In some Unices, retrieving a value from the current process may require a non-trivial amount of computation. We recommend that a dynamically loaded file contain a single initialization function that creates shared bindings for the values exported by the file.

— Scheme procedure: dynamic-load string –> unspecified

Loads the filename named by string into the current process. An exception is raised if the file cannot be found or if dynamic loading is not supported by the host operating system. The file must have been compiled & linked appropriately. For Linux, for example, the following commands compile foo.c into a file foo.so that can be loaded dynamically:

          % gcc -c -o foo.o foo.c
          % ld -shared -o foo.so foo.o
— Scheme procedure: get-external string –> external
— Scheme procedure: external? object –> boolean
— Scheme procedure: external-name external –> string
— Scheme procedure: external-value external –> byte-vector

These procedures access external values bound in the current process. Get-external returns a external object that contains the value of the C binding with the name string. It signals a warning if there is no such binding in the current process. External? is the disjoint type predicate for externals, and external-name & external-value return the name & value of an external. The value is represented as a byte vector of length four on 32-bit architectures. The value is that of the C binding from when get-external (or lookup-external, as described below) was called.

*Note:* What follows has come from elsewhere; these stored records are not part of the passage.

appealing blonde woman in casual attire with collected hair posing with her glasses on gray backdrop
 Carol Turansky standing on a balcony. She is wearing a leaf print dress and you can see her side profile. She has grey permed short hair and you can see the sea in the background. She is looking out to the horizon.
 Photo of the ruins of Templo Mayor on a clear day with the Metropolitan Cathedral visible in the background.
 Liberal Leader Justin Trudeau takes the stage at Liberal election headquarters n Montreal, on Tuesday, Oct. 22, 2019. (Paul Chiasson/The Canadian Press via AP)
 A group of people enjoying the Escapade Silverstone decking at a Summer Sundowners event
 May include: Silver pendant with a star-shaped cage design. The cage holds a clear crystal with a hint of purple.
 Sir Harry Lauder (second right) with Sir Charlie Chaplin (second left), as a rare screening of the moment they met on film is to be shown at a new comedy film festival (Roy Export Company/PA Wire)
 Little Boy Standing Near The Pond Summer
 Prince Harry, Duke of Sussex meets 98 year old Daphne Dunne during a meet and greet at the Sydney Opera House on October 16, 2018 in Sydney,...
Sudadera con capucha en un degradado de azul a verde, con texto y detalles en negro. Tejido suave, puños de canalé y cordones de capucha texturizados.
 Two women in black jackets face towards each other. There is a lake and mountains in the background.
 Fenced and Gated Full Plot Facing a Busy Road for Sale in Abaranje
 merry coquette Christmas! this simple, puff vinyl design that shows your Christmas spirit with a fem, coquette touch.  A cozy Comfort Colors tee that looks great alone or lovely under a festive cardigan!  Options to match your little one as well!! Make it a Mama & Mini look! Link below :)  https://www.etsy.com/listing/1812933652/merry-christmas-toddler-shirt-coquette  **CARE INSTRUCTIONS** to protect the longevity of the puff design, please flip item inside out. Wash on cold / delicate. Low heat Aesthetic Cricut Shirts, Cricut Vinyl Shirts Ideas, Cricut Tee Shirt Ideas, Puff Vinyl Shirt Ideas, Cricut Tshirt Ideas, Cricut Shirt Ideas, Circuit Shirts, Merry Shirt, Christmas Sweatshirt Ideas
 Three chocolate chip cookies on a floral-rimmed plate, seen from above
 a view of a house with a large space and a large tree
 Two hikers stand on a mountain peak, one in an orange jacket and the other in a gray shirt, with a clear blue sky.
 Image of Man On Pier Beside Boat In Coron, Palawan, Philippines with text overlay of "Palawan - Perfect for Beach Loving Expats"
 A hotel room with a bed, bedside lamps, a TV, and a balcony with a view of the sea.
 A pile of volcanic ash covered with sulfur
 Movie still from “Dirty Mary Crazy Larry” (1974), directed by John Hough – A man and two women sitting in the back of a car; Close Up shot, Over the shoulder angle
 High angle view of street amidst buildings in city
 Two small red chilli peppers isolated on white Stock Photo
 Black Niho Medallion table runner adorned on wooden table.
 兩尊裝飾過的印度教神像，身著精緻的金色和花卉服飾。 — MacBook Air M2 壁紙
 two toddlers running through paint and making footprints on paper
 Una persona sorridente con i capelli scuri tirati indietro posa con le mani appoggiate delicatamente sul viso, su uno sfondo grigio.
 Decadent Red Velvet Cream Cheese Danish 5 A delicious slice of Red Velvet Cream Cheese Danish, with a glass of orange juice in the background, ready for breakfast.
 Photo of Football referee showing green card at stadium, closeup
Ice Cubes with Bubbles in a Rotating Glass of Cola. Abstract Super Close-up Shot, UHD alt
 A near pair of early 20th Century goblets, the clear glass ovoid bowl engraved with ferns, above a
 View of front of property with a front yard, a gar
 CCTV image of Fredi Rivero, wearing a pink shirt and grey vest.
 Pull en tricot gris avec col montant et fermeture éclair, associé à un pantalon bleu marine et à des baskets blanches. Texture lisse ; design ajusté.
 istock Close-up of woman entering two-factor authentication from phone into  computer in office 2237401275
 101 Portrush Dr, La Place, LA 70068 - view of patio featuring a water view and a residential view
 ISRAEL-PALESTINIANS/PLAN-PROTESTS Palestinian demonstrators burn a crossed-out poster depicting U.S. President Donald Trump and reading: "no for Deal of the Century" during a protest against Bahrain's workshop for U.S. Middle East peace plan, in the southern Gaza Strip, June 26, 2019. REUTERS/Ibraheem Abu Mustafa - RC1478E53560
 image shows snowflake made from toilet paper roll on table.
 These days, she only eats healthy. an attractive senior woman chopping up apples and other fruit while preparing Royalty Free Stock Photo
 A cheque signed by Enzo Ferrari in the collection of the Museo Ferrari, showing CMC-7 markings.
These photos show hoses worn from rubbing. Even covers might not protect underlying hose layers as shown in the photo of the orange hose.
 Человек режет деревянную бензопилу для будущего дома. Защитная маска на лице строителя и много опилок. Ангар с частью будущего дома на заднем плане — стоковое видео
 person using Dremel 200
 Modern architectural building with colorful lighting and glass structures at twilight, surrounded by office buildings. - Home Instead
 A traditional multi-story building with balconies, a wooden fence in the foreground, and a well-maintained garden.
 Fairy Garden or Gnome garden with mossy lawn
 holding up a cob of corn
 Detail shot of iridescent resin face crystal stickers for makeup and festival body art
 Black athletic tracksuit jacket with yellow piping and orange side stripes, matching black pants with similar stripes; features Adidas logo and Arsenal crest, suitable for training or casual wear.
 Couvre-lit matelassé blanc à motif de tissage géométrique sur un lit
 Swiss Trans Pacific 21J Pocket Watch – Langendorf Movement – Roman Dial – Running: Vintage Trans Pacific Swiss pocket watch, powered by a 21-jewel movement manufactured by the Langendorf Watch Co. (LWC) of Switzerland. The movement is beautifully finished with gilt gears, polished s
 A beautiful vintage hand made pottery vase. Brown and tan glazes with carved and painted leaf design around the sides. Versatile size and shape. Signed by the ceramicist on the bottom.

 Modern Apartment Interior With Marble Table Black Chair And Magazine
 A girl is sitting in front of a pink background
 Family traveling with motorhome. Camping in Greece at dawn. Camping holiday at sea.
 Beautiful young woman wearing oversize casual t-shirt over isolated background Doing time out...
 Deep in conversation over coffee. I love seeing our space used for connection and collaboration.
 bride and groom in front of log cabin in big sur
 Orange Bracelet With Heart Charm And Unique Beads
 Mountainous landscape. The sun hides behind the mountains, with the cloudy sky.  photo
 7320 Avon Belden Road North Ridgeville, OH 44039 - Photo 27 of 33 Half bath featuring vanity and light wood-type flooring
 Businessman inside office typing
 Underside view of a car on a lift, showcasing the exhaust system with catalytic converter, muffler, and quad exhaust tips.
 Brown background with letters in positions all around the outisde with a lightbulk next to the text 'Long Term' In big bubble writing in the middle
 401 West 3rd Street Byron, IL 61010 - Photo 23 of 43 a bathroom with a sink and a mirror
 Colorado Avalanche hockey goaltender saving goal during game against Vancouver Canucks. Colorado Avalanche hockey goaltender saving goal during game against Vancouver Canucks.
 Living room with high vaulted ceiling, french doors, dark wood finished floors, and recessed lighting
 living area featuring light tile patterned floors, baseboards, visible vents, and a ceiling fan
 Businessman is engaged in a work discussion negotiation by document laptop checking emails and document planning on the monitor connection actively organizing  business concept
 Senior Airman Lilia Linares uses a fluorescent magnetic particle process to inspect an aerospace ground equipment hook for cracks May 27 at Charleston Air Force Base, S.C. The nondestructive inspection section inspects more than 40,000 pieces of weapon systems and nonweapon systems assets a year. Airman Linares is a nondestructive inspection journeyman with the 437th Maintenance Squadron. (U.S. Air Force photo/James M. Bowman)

— Scheme procedure: lookup-external external –> boolean
— Scheme procedure: lookup-all-externals –> boolean

Lookup-external updates the value of external by looking up its binding in the current process. It returns #t if the external is bound and #f if not. Lookup-all-externals calls lookup-external on all externals in the current Scheme48 image. It returns #t if all were bound and #f if there was at least one unbound external.

— Scheme procedure: call-external external argument ... –> value

Calls the C function pointed to by external with the given arguments, and returns the value that the C function returned. This is like call-imported-binding and call-external-value except that the function argument is represented as an external, not as an imported binding or byte vector containing a pointer. For more details, see Calling C functions from Scheme.